• CONTES À VOMIR DEBOUT 16

       Le démon du jeu

            Quand Laurent rentra vers deux heures du mat’ en m’annonçant qu’il venait de perdre son meilleur ami au poker, je ne dis trop rien. On ne peut pas toujours gagner, n’est-ce pas ? Et comme ce « meilleur ami », je ne pouvais le sentir, cela ne me fit ni chaud ni froid. Mais lorsque, deux jours plus tard, il pauma successivement le voisin de palier, ma sœur Henriette, la concierge et l’épicier arabe ouvert sept jours sur sept, je commençai à la trouver saumâtre.

             — Arrête ça ou je me barre, déclarai-je fermement.

             Et, joignant le geste à la parole, je partis en claquant la porte.

             Oh, je n’allai bien loin ! Au troquet d’à-côté, en fait. Chez madame Irène où je fis la connaissance de Marc-Antoine.

             Entre nous, ce fut le coup de foudre instantané et réciproque. Le soir même, je m’installais chez lui.

             Il ne me dit pas tout de suite qu’il était joueur. Vu ma pécédente expérience, je crois que je ne l’aurais pas supporté. Il me ménagea donc et, durant plus d’un mois, jugula sa passion au profit de la nôtre. Puis le démon du jeu reprit le dessus.

             — Mais ne t’inquiète pas, je gagne toujours, m’assura-t-il.

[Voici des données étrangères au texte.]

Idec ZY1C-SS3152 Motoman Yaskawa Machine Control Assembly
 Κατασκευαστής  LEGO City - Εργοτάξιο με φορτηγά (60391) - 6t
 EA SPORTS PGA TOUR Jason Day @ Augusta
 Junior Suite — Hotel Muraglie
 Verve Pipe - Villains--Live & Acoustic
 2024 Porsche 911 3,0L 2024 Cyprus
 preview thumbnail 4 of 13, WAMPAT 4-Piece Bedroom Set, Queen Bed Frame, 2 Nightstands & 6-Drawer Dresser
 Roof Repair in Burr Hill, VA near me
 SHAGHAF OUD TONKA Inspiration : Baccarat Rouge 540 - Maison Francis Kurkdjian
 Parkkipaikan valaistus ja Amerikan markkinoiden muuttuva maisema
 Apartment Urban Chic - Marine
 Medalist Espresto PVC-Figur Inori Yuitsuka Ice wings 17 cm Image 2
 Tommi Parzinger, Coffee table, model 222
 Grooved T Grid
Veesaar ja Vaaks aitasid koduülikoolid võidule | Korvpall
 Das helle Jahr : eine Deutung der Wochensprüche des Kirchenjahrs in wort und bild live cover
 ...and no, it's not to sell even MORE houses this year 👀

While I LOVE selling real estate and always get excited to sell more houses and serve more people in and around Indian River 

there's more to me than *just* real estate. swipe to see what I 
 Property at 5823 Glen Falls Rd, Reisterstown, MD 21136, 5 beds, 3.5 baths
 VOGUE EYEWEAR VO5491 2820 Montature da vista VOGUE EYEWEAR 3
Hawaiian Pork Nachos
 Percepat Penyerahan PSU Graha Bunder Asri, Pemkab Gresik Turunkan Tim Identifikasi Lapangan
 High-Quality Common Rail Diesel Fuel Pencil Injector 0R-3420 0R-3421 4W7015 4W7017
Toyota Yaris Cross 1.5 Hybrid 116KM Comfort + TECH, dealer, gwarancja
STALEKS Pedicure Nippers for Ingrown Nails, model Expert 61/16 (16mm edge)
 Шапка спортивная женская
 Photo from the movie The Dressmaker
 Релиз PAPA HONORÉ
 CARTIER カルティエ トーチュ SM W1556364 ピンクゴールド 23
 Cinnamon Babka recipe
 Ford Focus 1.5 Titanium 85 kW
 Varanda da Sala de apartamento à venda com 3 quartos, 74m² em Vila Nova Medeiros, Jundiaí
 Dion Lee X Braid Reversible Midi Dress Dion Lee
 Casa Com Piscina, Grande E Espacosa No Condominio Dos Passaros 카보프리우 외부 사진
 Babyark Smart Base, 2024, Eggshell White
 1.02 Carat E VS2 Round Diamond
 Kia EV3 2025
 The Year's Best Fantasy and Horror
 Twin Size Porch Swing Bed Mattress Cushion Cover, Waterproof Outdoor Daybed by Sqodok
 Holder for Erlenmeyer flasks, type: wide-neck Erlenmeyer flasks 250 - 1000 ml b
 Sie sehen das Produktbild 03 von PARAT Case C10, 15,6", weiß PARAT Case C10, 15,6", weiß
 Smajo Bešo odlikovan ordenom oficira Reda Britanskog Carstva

             C’était la stricte vérité. Chaque soir, il rapportait scrupuleusement ses gains à la maison. Un jour, une bonne sœur ; le lendemain, le PDG d’une entreprise de robinetterie avec sa famille et ses domestiques ; la fois suivante, le club de foot local... Au début, j’alignais ces trophées sur la cheminée avec, je l’avoue, une certaine fierté. Mais bientôt, ils débordèrent sur le reste de l’appartement. Plus moyen de se remuer, entassés comme on l’était. Aussi, quand Marc-Antoine gagna successivement les chœurs de l’armée rouge, le grand orchestre philarmonique de Londres et la totalité des conseillers municipaux du vingtième arrondissement, je lui mis le marché en main : 

             — Tu me bazardes tout ce bordel ou je te quitte !

             Sans hésiter, il me montra la porte.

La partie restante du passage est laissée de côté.